Les Anglaises ont déjà inscrit 38 essais dans la compétition, soit deux fois plus que les Françaises, et ont remporté leurs quatre rencontres avec 52 points d'écart en moyenne. Réputées pour leur rigueur défensive, les joueuses de Gaëlle Mignot et David Ortiz ont les qualités physiques et le tempérament pour tenir tête à l'attaque anglaise. Il faudra notamment contenir l'arrière Ellie Kildunne, qui survole le Tournoi avec neuf essais inscrits et 630 mètres gagnés, soit plus du double de la deuxième dans ce classement (Abby Dow, autre Anglaise).
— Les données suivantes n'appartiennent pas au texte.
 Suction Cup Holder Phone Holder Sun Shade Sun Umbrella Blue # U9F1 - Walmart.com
Rester disciplinées et finir fort
C'est presque le seul point noir des quatre premiers matchs, aussi bien côté français qu'anglais : la discipline. Les Bleues ont récolté trois cartons jaunes la semaine dernière, et les Red Roses comptent déjà deux cartons rouges et quatre jaunes dans le Tournoi. Les Françaises sont dans l'ensemble moins souvent pénalisées que leurs adversaires du jour, et devront les pousser à la faute pour obtenir de précieuses pénalités, dans une rencontre qui pourrait se jouer sur ce genre de détails.
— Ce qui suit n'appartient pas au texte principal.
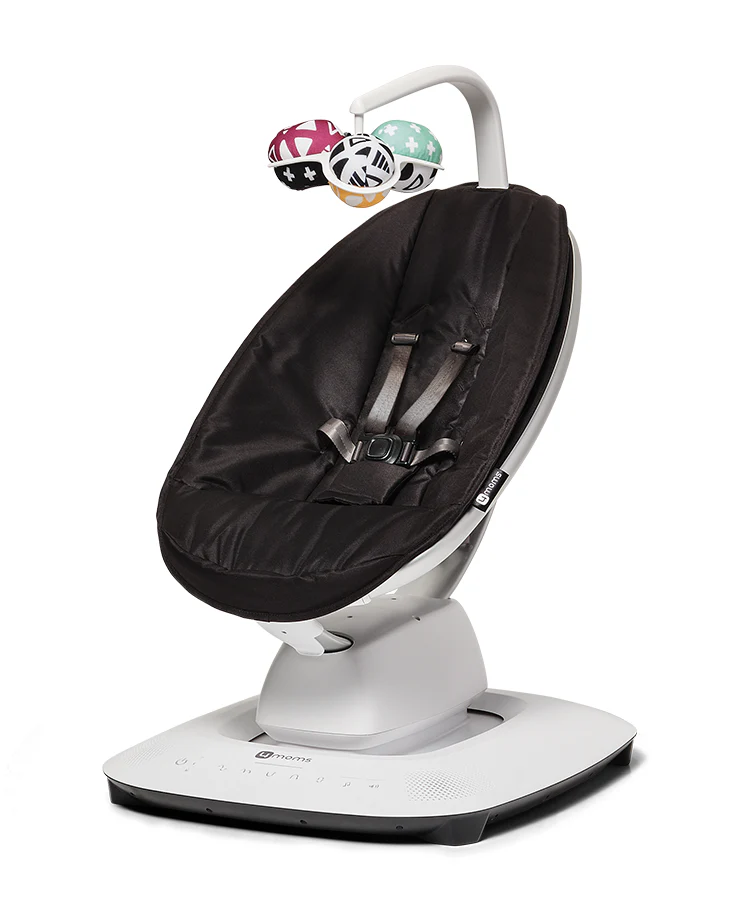 2025 mamaRoo® Multi-Motion Baby Swing®
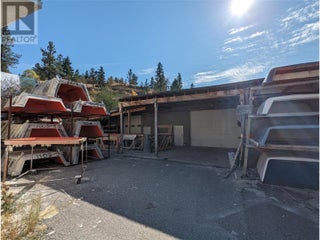 17601 Bentley Road. Summerland, British Columbia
Parmi les détails qui comptent, l'apport des remplaçantes pourrait faire basculer le match. Trois membres de l'équipe de France de rugby à 7 sont venues prêter main-forte au XV pour la fin du Tournoi des six nations. Toutes titulaires contre le pays de Galles la semaine dernière, elles se sont surtout illustrées offensivement, à l'image du doublé de Joanna Grisez. L'ailière est d'ailleurs la seule à être reconduite dans le XV de départ. "Nous avons souhaité garder de la continuité, mais aussi garder un équilibre pour l'ensemble de la rencontre à venir, a expliqué le co-sélectionneur David Ortiz. Anne-Cécile Ciofani et Chloé Jacquet auront leur rôle de finisseuses." Pour apporter leur "rage de vaincre", telle que décrite par Gaëlle Mignot, dans les dernières minutes de la finale.